If you don’t know who Ricky Skaggs is, then you really don’t know anything about bluegrass and old-time music. It’s important to distinguish those two terms. “Bluegrass” technically didn’t exist before the 1940s. It was literally invented as a form by Bill Monroe, recasting the traditional old time music of his Kentucky and Appalachian roots with a new sound built around his unique mandolin playing. The mandolin took a new role as a centerpiece performing lead instrument in

Monroe’s vision. He was truly a unique American music phenomenon.
Monroe inspired an entire generation of musicians and his influence lives on in all the varieties of bluegrass, newgrass, swing, jazz and a hundred other variations of playing involving the mandolin, but no one has embodied that variety more than a kid from Kentucky named Ricky Skaggs. His father started him out with a mandolin around age 6 and before he was out of his teens, he played on stage with Monroe himself, with childhood buddy Keith Whitley, Flatt and Scruggs and toured with the Stanley Brothers.
Bluegrass and its predecessor, the “old time” music, that was originally the dance music and music played in homes and small communities of the South that had traipsed across the Atlantic from the border regions of Scotland through Ulster and Ireland as immigrants to the New World, settling in the mountains of the South. They brought with them the instruments of their folk music, and it underlay their common life for generations. Like all immigrants, their music was a powerful identity that helped buffer them against the hardships of fitting into a new and strange country that did not always want them.
Like all people, the love for their children motivated their work, way of life, and the sharing of their music. Today, like few other music forms, you will see men in their eighties at a bluegrass festival sitting in a circle jamming with teenagers strumming guitars and 6 year old fiddle and mandolin players. Ricky Skaggs was one of those children.
It gives hope to look at our children and imagine what they might do. They are not jaded yet by our own deep prejudices and ignorant opinions
about “how it is.” So today, I share this video I came across of little RIcky Skaggs, age seven, playing on television with Lester Flatt and Earl Scruggs. Teach your children well. And maybe their elder’s failures will give way to something wonderful, unexpected and new.
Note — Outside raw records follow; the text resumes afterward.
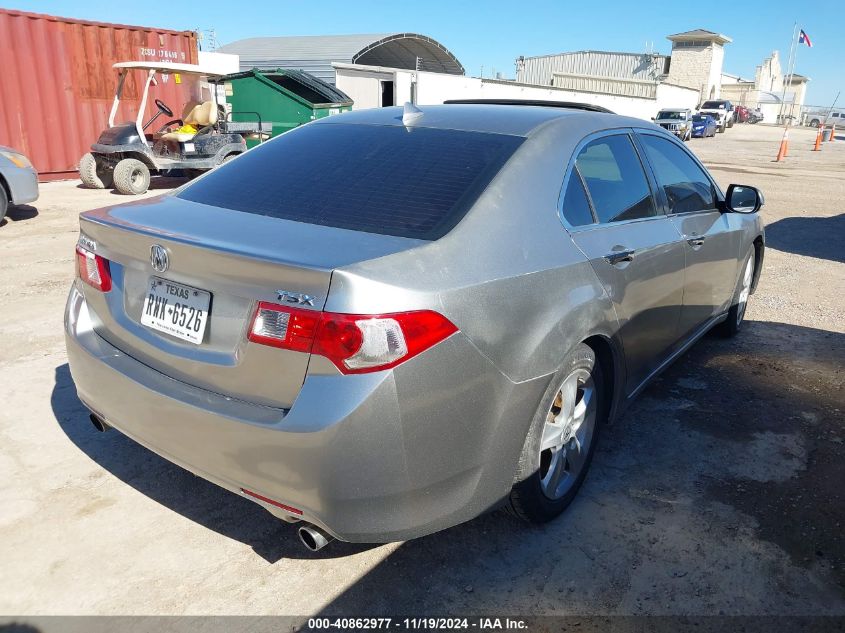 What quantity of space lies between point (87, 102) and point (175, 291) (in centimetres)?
1330

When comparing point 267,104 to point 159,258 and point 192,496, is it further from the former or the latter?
point 159,258

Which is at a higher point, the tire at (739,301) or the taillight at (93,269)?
the taillight at (93,269)

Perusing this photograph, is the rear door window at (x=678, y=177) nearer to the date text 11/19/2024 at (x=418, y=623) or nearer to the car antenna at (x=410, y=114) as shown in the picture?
the car antenna at (x=410, y=114)

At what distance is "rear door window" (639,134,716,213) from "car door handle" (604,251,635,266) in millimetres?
770

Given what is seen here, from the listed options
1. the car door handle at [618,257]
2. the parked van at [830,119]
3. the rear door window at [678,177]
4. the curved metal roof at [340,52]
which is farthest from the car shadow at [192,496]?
the parked van at [830,119]

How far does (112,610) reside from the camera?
7.32ft

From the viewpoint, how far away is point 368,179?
8.60ft

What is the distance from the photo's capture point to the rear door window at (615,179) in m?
2.91

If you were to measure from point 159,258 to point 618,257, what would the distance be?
181cm

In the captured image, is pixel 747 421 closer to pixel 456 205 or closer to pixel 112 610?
pixel 456 205

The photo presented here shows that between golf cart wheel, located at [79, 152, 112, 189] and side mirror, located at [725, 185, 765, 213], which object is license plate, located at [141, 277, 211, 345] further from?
golf cart wheel, located at [79, 152, 112, 189]

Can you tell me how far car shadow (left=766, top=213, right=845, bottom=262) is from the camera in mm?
8359

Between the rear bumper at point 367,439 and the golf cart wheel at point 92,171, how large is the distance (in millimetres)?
10780

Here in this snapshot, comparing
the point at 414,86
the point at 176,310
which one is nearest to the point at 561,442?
the point at 176,310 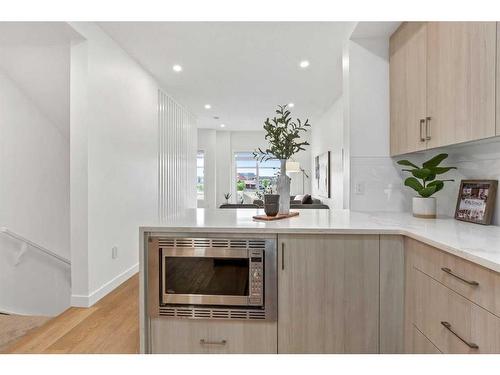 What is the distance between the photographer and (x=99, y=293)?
284 centimetres

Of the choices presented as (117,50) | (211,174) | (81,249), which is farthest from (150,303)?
(211,174)

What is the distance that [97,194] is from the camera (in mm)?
Result: 2844

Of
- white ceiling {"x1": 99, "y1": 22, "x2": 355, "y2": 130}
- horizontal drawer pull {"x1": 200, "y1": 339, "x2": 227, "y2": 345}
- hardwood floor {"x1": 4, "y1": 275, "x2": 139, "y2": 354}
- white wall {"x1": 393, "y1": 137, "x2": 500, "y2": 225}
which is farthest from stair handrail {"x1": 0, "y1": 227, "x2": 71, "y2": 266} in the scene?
white wall {"x1": 393, "y1": 137, "x2": 500, "y2": 225}

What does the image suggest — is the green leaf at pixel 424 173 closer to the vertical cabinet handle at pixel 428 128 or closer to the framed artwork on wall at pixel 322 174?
the vertical cabinet handle at pixel 428 128

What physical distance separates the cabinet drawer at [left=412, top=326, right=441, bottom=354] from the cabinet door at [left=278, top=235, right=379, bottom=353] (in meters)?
0.17

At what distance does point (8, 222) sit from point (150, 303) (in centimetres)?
286

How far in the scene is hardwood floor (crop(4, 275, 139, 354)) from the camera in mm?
2029

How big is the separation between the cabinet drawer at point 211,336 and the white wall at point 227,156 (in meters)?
6.93

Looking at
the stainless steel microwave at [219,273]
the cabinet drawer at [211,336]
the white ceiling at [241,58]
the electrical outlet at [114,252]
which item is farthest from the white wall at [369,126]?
the electrical outlet at [114,252]

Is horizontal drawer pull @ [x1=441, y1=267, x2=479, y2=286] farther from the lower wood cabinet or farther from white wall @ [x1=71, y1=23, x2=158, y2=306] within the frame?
white wall @ [x1=71, y1=23, x2=158, y2=306]

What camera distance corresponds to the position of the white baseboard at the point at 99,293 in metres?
2.68

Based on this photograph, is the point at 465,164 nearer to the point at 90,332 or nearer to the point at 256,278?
the point at 256,278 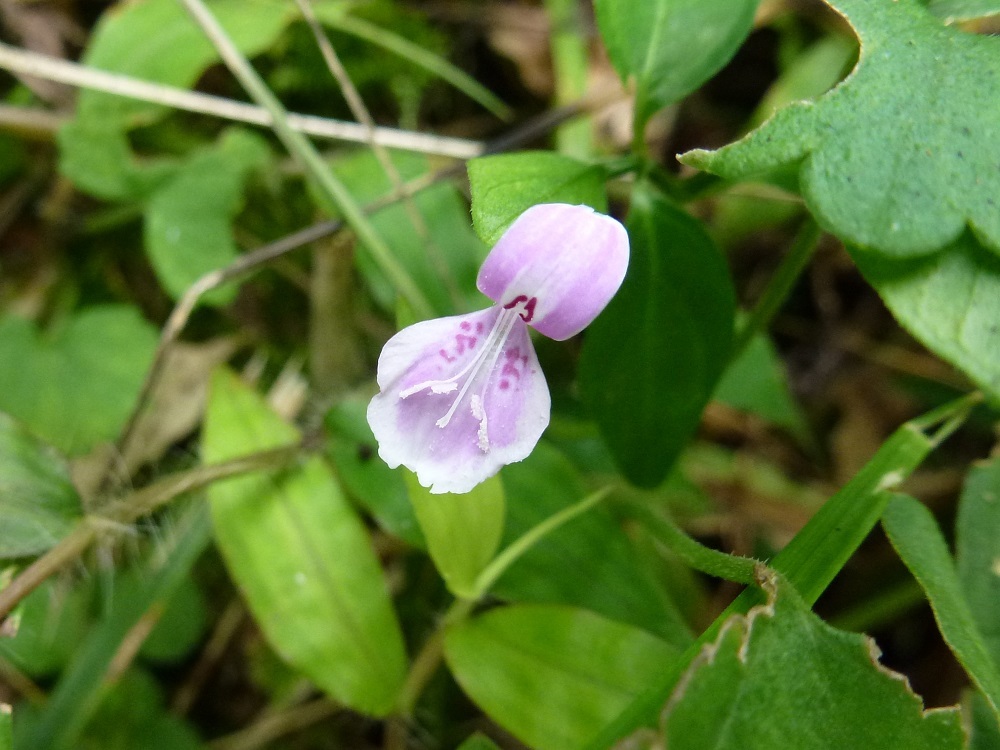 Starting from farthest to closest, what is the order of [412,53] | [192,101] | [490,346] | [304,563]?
[412,53], [192,101], [304,563], [490,346]

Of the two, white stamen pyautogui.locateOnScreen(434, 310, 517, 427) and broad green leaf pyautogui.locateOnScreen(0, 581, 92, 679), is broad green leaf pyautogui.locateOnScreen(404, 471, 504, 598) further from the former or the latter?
broad green leaf pyautogui.locateOnScreen(0, 581, 92, 679)

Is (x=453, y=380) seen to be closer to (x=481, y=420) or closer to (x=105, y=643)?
(x=481, y=420)

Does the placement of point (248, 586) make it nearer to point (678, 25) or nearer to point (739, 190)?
point (678, 25)

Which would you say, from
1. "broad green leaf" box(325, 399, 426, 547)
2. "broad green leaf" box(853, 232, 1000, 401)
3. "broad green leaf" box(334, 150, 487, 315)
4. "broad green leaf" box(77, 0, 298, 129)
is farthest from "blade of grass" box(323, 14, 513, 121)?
"broad green leaf" box(853, 232, 1000, 401)

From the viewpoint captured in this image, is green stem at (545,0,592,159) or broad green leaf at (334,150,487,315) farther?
green stem at (545,0,592,159)

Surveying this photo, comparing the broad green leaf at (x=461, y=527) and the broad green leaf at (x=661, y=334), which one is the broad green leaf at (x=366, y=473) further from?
the broad green leaf at (x=661, y=334)

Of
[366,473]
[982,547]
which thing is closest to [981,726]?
[982,547]

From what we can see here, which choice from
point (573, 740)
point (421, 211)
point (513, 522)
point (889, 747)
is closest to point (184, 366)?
point (421, 211) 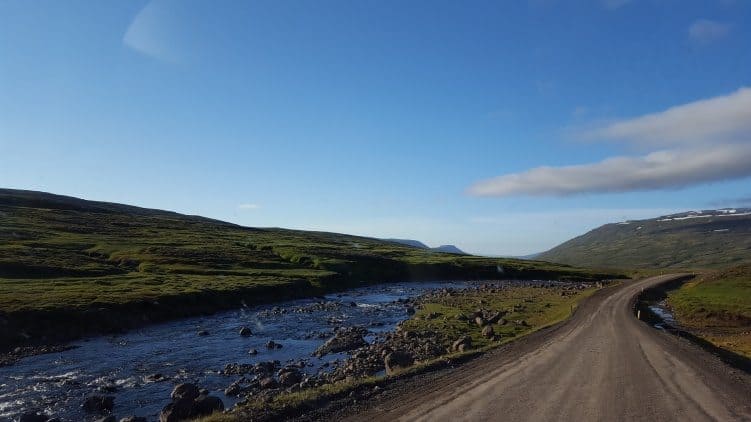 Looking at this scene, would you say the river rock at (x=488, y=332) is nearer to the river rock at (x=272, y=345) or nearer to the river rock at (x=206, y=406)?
the river rock at (x=272, y=345)

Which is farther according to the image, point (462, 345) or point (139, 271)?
point (139, 271)

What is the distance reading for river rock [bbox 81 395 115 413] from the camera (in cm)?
2667

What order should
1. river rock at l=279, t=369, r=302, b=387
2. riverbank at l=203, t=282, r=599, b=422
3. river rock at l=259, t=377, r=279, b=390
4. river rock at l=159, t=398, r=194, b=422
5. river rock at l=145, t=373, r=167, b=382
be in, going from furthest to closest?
1. river rock at l=145, t=373, r=167, b=382
2. river rock at l=279, t=369, r=302, b=387
3. river rock at l=259, t=377, r=279, b=390
4. river rock at l=159, t=398, r=194, b=422
5. riverbank at l=203, t=282, r=599, b=422

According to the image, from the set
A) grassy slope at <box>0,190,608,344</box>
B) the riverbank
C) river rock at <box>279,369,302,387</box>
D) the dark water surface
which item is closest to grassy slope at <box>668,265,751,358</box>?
the riverbank

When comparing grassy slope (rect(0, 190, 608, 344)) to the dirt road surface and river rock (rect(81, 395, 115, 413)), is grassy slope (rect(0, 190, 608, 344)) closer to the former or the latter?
river rock (rect(81, 395, 115, 413))

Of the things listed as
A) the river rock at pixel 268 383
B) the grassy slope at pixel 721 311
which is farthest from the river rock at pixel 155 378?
the grassy slope at pixel 721 311

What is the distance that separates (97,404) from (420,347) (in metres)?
23.3

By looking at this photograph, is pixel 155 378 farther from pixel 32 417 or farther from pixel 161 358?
pixel 32 417

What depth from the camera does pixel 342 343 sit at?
1709 inches

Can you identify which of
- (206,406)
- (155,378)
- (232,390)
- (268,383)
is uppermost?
(206,406)

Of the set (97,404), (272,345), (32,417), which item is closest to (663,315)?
(272,345)

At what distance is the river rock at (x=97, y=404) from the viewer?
26672mm

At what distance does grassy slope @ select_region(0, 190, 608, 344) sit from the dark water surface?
4.69 m

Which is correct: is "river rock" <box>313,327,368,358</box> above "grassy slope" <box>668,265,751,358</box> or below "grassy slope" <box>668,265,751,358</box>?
below
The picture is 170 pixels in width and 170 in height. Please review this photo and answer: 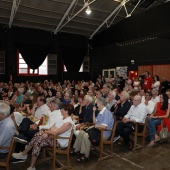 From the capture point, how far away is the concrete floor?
3.24m

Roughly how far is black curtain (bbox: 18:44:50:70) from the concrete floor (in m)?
9.31

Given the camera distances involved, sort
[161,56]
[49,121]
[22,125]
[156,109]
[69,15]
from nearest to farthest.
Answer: [49,121] < [22,125] < [156,109] < [161,56] < [69,15]

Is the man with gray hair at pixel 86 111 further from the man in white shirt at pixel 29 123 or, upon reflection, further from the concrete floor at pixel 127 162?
the man in white shirt at pixel 29 123

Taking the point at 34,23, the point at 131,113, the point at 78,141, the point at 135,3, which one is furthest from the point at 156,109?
the point at 34,23

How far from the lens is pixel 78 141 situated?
11.6 ft

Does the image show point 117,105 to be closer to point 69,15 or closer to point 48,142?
point 48,142

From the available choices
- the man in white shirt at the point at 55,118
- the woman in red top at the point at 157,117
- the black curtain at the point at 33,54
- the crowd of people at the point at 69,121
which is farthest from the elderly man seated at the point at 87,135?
the black curtain at the point at 33,54

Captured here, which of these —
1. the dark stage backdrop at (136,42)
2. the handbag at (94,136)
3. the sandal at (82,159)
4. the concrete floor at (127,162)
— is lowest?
the concrete floor at (127,162)

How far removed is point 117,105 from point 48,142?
2013mm

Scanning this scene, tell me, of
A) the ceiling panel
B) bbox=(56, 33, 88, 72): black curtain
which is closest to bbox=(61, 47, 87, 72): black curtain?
bbox=(56, 33, 88, 72): black curtain

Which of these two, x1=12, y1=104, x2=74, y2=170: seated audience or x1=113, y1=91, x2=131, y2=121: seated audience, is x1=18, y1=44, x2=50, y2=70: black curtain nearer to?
x1=113, y1=91, x2=131, y2=121: seated audience

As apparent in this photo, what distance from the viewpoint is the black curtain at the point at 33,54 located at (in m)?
12.1

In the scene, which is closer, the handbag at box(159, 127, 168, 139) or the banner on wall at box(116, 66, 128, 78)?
the handbag at box(159, 127, 168, 139)

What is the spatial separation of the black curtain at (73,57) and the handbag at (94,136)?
10.3m
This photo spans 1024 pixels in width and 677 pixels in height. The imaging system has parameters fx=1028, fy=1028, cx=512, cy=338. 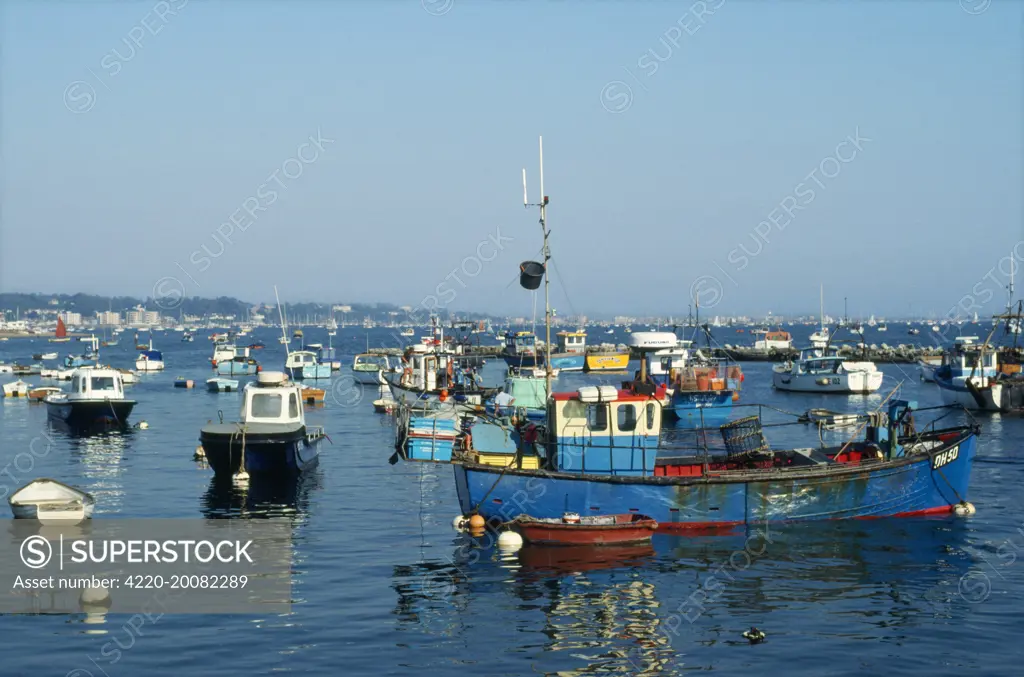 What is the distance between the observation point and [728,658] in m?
20.9

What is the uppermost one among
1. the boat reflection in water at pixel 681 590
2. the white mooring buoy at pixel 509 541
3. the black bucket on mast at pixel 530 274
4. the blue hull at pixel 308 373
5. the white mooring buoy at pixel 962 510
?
the black bucket on mast at pixel 530 274

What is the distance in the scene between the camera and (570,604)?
24578 millimetres

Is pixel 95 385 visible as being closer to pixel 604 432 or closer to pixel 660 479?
pixel 604 432

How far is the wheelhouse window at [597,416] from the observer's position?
3097 centimetres

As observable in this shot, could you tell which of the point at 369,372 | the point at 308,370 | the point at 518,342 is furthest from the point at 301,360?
the point at 518,342

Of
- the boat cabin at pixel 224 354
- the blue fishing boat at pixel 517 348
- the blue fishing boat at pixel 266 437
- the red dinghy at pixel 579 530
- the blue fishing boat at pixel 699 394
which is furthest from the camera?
the boat cabin at pixel 224 354

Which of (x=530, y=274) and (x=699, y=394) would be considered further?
(x=699, y=394)

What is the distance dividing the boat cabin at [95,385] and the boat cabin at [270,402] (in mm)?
20521

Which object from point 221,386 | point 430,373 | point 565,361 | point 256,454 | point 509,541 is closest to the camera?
point 509,541

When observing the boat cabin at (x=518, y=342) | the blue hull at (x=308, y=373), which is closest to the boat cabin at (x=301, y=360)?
the blue hull at (x=308, y=373)

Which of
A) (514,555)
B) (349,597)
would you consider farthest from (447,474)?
(349,597)

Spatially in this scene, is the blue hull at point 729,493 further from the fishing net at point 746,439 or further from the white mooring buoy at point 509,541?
the fishing net at point 746,439

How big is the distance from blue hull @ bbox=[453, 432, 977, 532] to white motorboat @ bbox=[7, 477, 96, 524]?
1158cm

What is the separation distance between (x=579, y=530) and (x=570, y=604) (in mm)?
4491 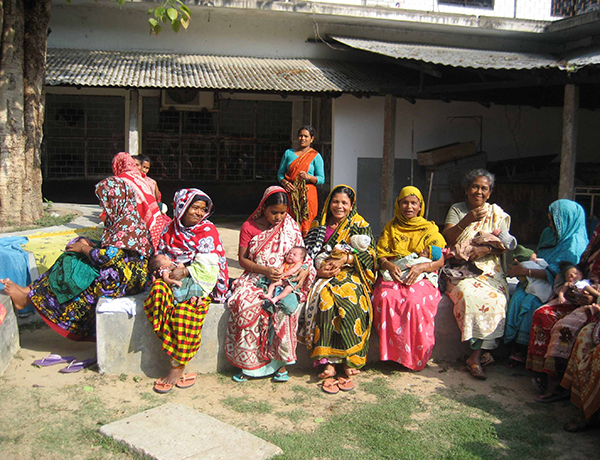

Doesn’t conflict at this moment in Lent to me at all, when we are wringing hands, troubled in mind, struggling with hope and anxious to the gills, to pick up my mandolin at home, play a tune, and feel something lift out of the room. Wherever that sound came from (and as a man of faith, I think I know), it says, “There’s still something unexpectedly beautiful up ahead. Go on, and don’t give up.” If you don’t know any seven year olds, I suggest you enlarge your life and bit, get out of yourself, and look for hope in the strings and paintings and delightful voices of the young.